3
votes

currently thinking on a possibility to sniff at the same interface using only pcap and also inject the packets using pcap_inject.

The thing can be solved easily using either:

  • persistent checksum tracking /large slow map/,
  • checksum tracking - until all the data was injected, say, a first http request;
  • hacking bpf/libipq/Netfilter to carry additional parameter for each real PHY packet

But:

pcap listens eth0 /realworld situation is closer to "pcap listens and drops via source magic"/, pcap sends packet via eth0's handle so they can be routed out. What is the theorethical base for libpcap to not capture packets that were injected to same interface using same library - e.g, injected packets are not going through all Berkeley's packet filter code?

Practical test TBD.

2

2 Answers

1
votes

Possibly just ignore packets with property skb->pkt_type == PACKET_OUTGOING in the receive path.

1
votes

Your question is hard to parse, but if I understand you correctly, you're looking for a way to capture packets that excludes the ones you are injecting. You can do this by using a capture filter that looks only at what is sent to the relevant interface on your machine...

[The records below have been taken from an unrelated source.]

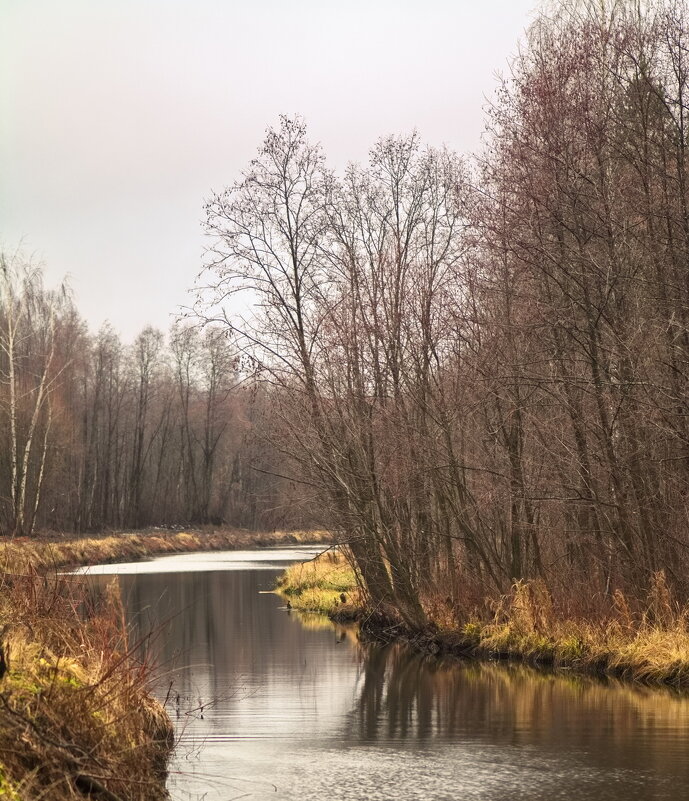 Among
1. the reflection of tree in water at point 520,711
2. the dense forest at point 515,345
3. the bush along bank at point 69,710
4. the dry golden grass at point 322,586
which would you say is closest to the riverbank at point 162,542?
the dry golden grass at point 322,586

ether dst aa:bb:cc:dd:ee:ff 

... or that captures all except what is sent on the relevant interfance:

not ether src aa:bb:cc:dd:ee:ff

This will affect traffic from your machine other than what you are injecting, but if you capture and inject then you likely do not care about your own machine's packets anyway. If you need something more custom, it should not be hard to identify the packets you have just sent in the captured packets. (I suppose that's what you mean by checksumming, but I don't see an immediate table problem.)